Graph (n) The network of faces, edges and vertices (0-, 1- and 2-cells) defined by a set of points, lines and polygons.

Graticule (n) A regular ruling across a model surface; a standard reference mesh based on a grid oriented in a manifold.

Grid (n) A regularly arrayed constellation of points.

Heap (n) A data structure consisting of a contiguous list of variable-length objects plus a contiguous list of pointers to addresses where those objects are stored.

Hierarchy (n) A cascading tree or pyramid of objects or locations, subdividing either regularly or irregularly.

Icosahedron (n) A regular Platonic polyhedron consisting of 12vertices, connected by 30 edges to form 20 triangular faces.

Identifier (n) A number or a character string that (uniquely) names an object or location for general reference; may serve as a search key or geocode.

Line (n) A 1-dimensional geometric object that can be embedded in a planar manifold and which occupies no area; two or more points connected sequentially.

Linear Quadtree (n) A quadtree data structure that records identifiers and attributes of the leaf nodes of a quaternary hierarchy, usually as a pre-ordered list.

Locality (n) A specific, relatively small region of geographic space.

Location (n) A well-defined region of space that may be thought of as occupying a point and explicitly identified by name or geocode.

Location Code (n) See geocode.

Manhattan Metric (n) A linear mapping in the Cartesian plane in which distance between points is the sum of x and y distance. Also denoted as IR1 space.

Manifold (n) A model surface characterized by its topological genus.

Map Generalization (n) The selection and simplified representation of cartographic detail appropriate to the scale and/or purpose of a map.

Map Scale (n) The ratio of the extent of features on a map to the entities on the ground that correspond to them, expressed as 1:N, where N is termed the scale denominator. Scale need not be constant everywhere in a map.

MBT (ack) Minimum Bounding Triangle, e.g., the smallest QTM facet that contains a given data object, such as a primitive.

mel (ack) Mesh ELement; a polygonal cell in a mesh used for spatial filtering, such as a square, triangle or hexagon.

Mesh (n) A graticule formed by edges of a tessellation. (a set of one-cells )

Metadata (n) Information compiled to summarize properties or provenance of a dataset; pertinent information omitted from a dataset.

Model (n) A conceptual image, analog, or physical representation of phenomena; (v) to define the elements of a system and organize them into a cognitive structure.

Nodal Region (n) An area dominated a node in a network or mesh.

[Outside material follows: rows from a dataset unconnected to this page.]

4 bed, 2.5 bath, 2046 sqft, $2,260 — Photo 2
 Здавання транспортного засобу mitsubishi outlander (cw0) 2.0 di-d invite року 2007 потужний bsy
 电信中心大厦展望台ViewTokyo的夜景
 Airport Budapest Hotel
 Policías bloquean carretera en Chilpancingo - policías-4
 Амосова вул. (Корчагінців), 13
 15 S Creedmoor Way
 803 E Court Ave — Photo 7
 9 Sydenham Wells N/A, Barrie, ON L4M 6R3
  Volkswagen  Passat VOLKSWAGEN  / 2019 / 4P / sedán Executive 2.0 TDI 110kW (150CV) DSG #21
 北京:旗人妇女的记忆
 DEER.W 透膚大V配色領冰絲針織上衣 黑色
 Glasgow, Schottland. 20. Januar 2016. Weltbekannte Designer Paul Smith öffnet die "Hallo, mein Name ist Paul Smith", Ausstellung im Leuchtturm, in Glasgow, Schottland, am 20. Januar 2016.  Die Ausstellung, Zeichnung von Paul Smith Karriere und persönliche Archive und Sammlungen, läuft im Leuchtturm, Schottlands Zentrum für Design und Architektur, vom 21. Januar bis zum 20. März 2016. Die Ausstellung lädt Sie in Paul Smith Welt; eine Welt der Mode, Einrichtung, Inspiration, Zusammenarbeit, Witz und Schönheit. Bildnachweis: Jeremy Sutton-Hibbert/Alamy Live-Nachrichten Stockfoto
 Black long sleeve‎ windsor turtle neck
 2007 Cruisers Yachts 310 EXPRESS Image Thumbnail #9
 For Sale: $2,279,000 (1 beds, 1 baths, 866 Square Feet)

Node (n) A vertex in a mesh; a point in a network or a graph where lines terminate and meet.

Nonnull-cell (n) A cell in a tessellation having a nonzero basis number.

Null-cell (n) A cell in a tessellation having a basis number of zero.

Object (n) An abstraction of a physical entity which has an identifier, and may have attributes as well as a location in space and time. Objects can have membership in (be instances of) a class.

Object-primary (adj) An approach to geometric computation that explicitely models discrete phenomena rather than the continuous space they occupy; usually refers to vector and topological data models

Octahedron (n) A regular Platonic polyhedron consisting of 6 vertices, connected by 12 edges to form 8 triangular faces all with equal areas, angles and edge lengths.

Octant (n) A single facet of an octahedron, a spherical right triangle (one eighth of a planet).

One-cell (n) The topological role played by an edge in a graph.

Place (n) A locality that can be distinquished from all other separate, adjoining and overlapping ones.

Platonic Solids (n) The set of regular polyhedra having identical faces and angles; there are five: tetrahedron, hexahedron, octahedron, dodecahedron, icosahedron.

Point (n) A 0-dimensional location in space; if connected by lines to other points, also called a vertex.

Polyhedron (n) A solid bounded by planes and defined by the vertices and edges where they intersect.

Polygon (n) A 2-dimensional geometric object that can be embedded in a plane manifold and which defines a closed region or multiple disjoint ones.

Polyline (n) A 1-dimensional geometric element that can be embedded in a plane manifold and which defines a curve using a finite sequence of vertices.

Precision (n) The degree of detail available for a measurement.

Primitive (n) An simple geometric or topological object; a component of a feature, such as a point, a polyline or a simple polygon.

Quadtree (n) A hierarchical data structure that keeps track of a quaternary division of space or objects.

Quaternary (adj) Divided into or pertaining to four parts or things.

Quincunx (n) Arrangement of a square into five parts or things.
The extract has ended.